L’ANIE seule responsable
Aouchiche n’a pas hésité à pointer du doigt la responsabilité de l’ANIE dans ce qu’il qualifie de « dérapages ». Il a souligné que l’autorité, censée garantir la transparence de toute l’opération électorale, assume « l’entière responsabilité » des irrégularités constatées. Le leader du FFS a annoncé son intention d’introduire un recours auprès de la Cour constitutionnelle, démontrant sa détermination à contester les résultats par les voies légales. Concernant le communiqué commun, publié dimanche par les représentants des directions de campagne des trois candidats à la présidentielle, suite à l’annonce des résultats préliminaires, M. Aouchiche a estimé que cette initiative « peut jeter les bases d’une nouvelle action politique et permettre de trouver des terrains d’entente sur des questions d’intérêt pour la nation ». De son côté, Abdelaali Hassani Cherif, président du MSP, a lui aussi remis en cause les résultats avancés par l’ANIE lors d’une conférence de presse. Il a qualifié la présentation des résultats de « chiffres flous et contradictoires », en contradiction avec les procès-verbaux de dépouillement obtenus par son parti auprès des délégations de wilaya de l’ANIE. Hassani Cherif est allé jusqu’à affirmer que les 170 000 voix attribuées à son parti étaient « falsifiées », une accusation grave qui remet en question l’ensemble du processus de décompte des voix.
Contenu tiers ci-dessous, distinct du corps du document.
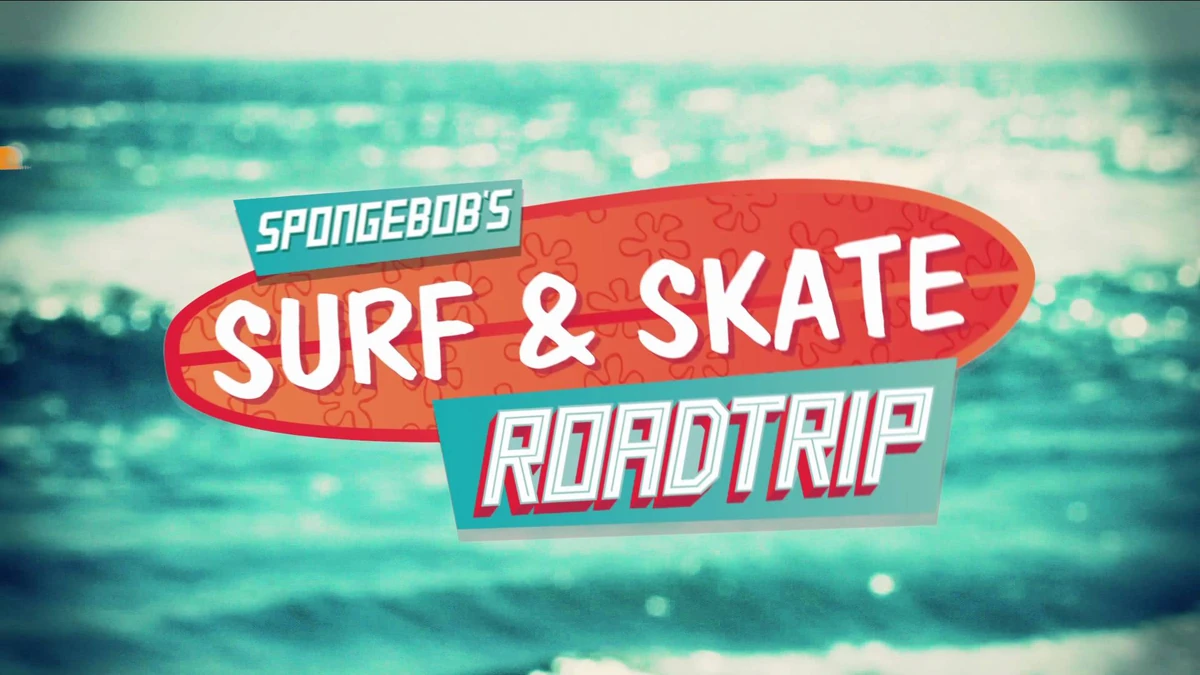 Spongebob's Surf & Skate Roadtrip Logopedia Fandom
Le président du MSP a également critiqué l’ANIE pour son incapacité à maîtriser le processus électoral, accusant l’autorité de « participer avec ses pratiques et ses erreurs à tuer l’espoir des Algériens ».
Face à cette vague de critiques, l’ANIE a publié un communiqué explicatif qui semble avoir manqué sa cible. L’autorité s’est contentée de prendre note du contenu de la déclaration conjointe des candidats, sans réellement répondre aux accusations précises formulées à son encontre. L’ANIE a indiqué que le processus de réception des procès-verbaux originaux des wilayas pour la centralisation des résultats était toujours en cours. Elle a promis de transmettre les résultats enregistrés dans ces procès-verbaux à la Cour constitutionnelle dès que leur réception serait complétée, et d’informer l’opinion publique des résultats du scrutin inscrits dans ces documents.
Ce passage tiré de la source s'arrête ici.